Krishen was joined on the panel of five judges by authors Anjum Hasan, K RMeera and Parvati Sharma, and Arvind Subramanian, economist and former chief economic adviser to the Government of India.

He said: "Bringing voices from across the country, these novels address the many specific difficulties of living a life in Indian society. With a combination of lyricism and humour, the five novelists portray characters who are at odds with their - very different - worlds. Their private struggles help illuminate larger themes, including patriarchy in rural southern India, religious and political conflict in Kashmir, and social and sexual marginalization in eastern India. Taken together these novels remind us that fiction remains the most powerful way for a society to examine its fundamental concerns."
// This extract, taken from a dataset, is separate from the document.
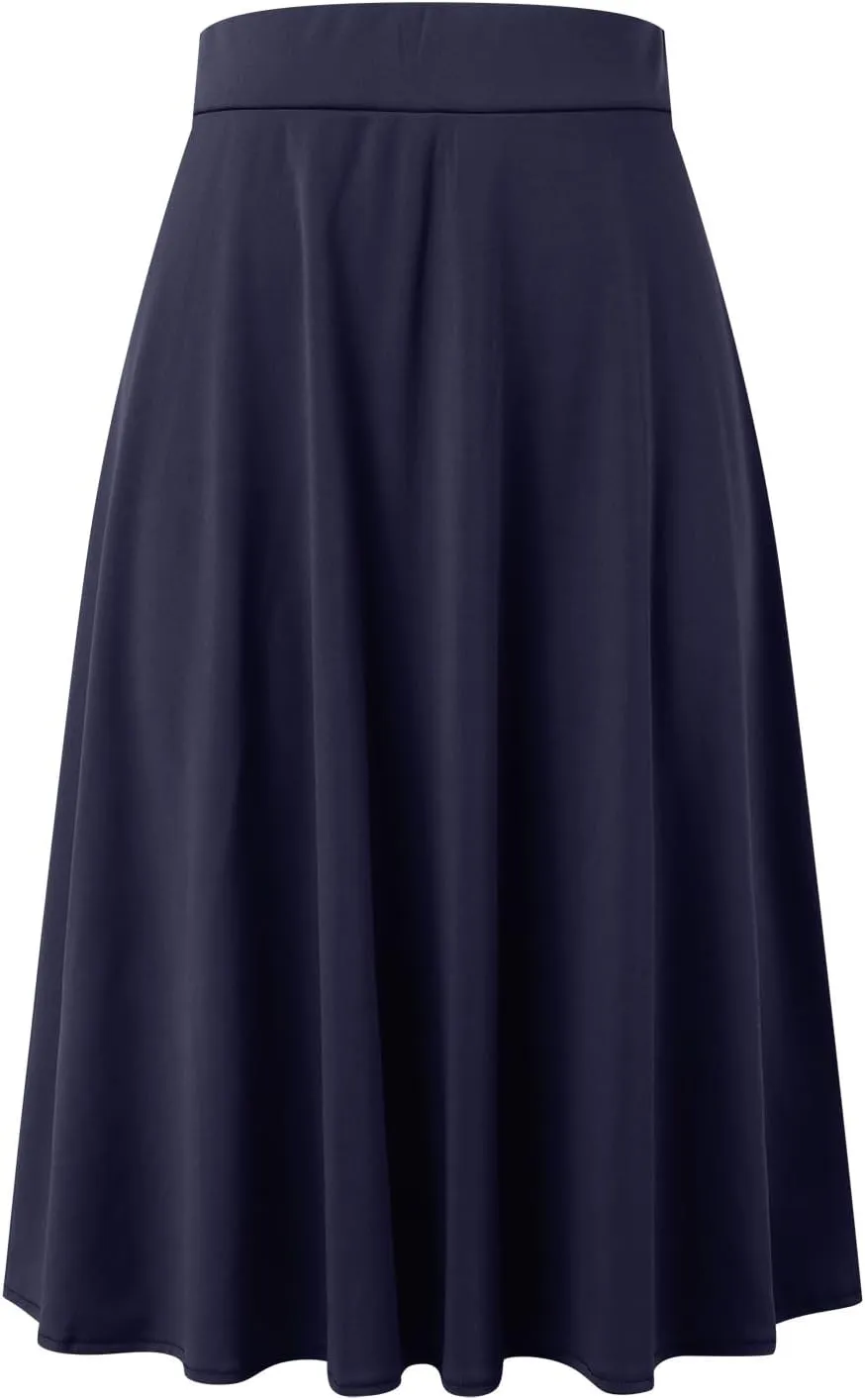 Womens Silk Skirt Vintage Satin Midi Wrap Skirts Elegant High Waisted A-Line Skirt Flare Plain Pleated Cocktail Party Skirt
Rana Dasgupta, literary director, added: "This year’s shortlist displays a satisfying diversity of voices, as is appropriate to the scale and variety of this country. These five books transport us to very different parts of India, and give us access to very different kinds of life. Each of them is imbued by the spirit of its moment, which is perhaps why the shortlist has such an unsettled, turbulent flavour. But literature contains wisdom too, and the deep sense of justice in these books reminds us why, whatever our reality, we continue to care, hope and strive."

The winner will be announced on 2nd November. 

Last year's inaugural winner was Jasmine Days by Benyamin, translated from the Malayalam by Shahnaz Habib and published by Juggernaut Books.